1

Here is what I do:

rsync everything
enter maintenance
rsync changes since first rsync
leave maintenance

The first rsync is syncing the mayor changes without locking the system. It can run a long time and that is fine.

But the second rsync should finish as quickly as possible and normally finds none or only a few changes. Yet since this are so many files it takes quite long.

Is there a trick I can use because I know I synced it just before?

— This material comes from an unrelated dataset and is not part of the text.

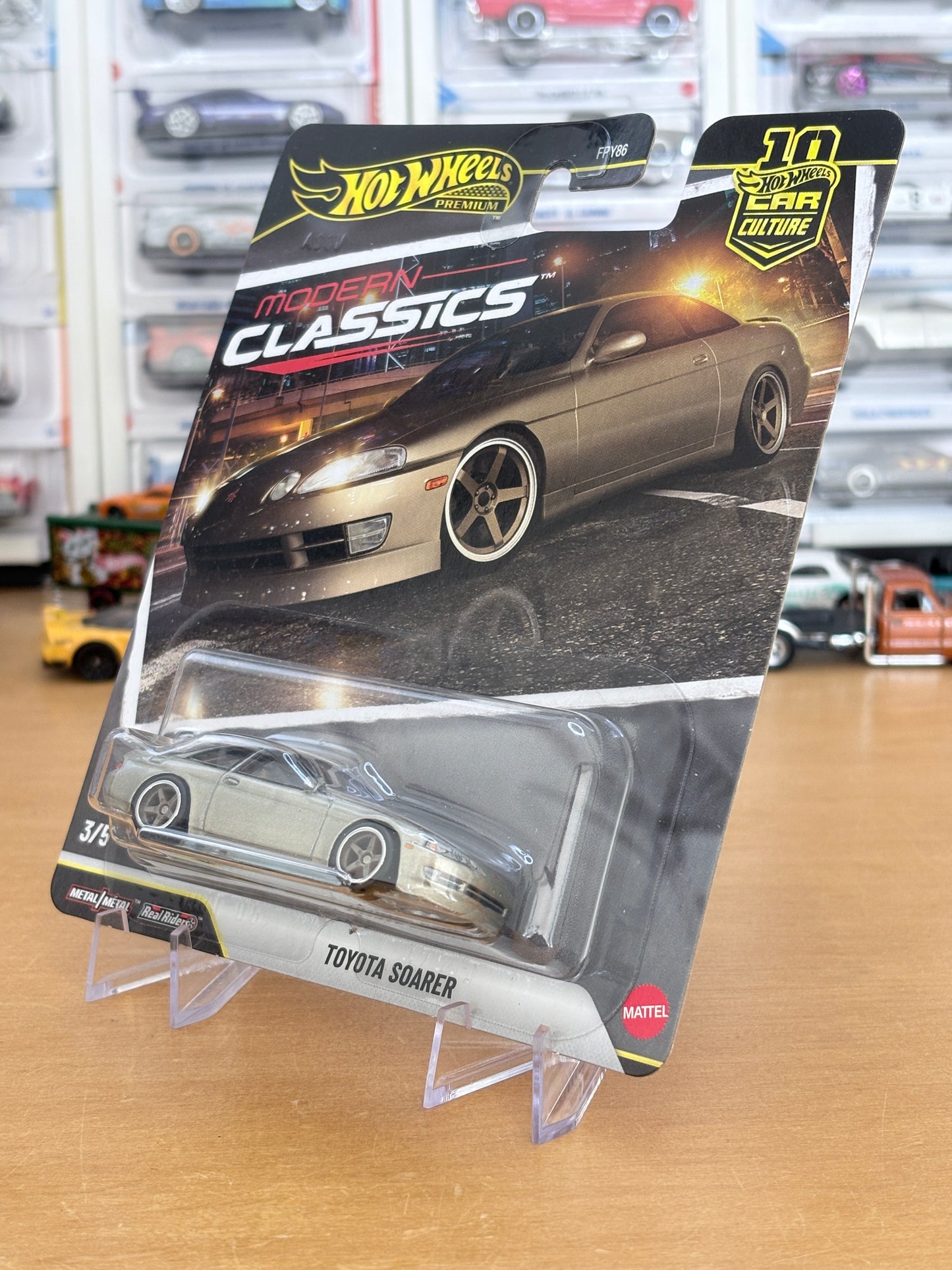 Hot Wheels Premium | Toyota Soarer | HW Car Culture Modern Classics | 3/5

Here the rsync flags I use:

rsync --partial --progress --delete --archive --verbose --compress --links --times
Torge
  • 113
  • 4

3 Answers3

2

Some tips:

  • when synching many files, the uid-to-username mapping process can take a significant amount of time; so, try adding the --numeric-ids option to your rsync invocation
  • on both sides, schedule a find <path> > /dev/null some time before the maintenance rsync; this will preload the metadata caches on both nodes, greatly speeding up rsync execution
shodanshok
  • 44,038
  • 6
  • 98
  • 162
  • Thx. I will try the --numeric-ids but the second hint should already been taken care of by the first rsync, no? – Torge May 25 '17 at 17:06
  • Yes and no... The first rsync will eventually transfer data, which will evict metadata from cache, slowing down the second transfer. – shodanshok May 25 '17 at 21:34
  • Ok, but in my successive tests he was not syncing any data (because of the quick succession of testing) so I fear I have to live with the current downtime. So for now this is closest to what I wanted. – Torge May 25 '17 at 22:23
2

Speeding up rsync over ssh

You can utilize a different client that is multi-threaded that will break up your job into as many connections as ssh on the remote end will allow and that you specify.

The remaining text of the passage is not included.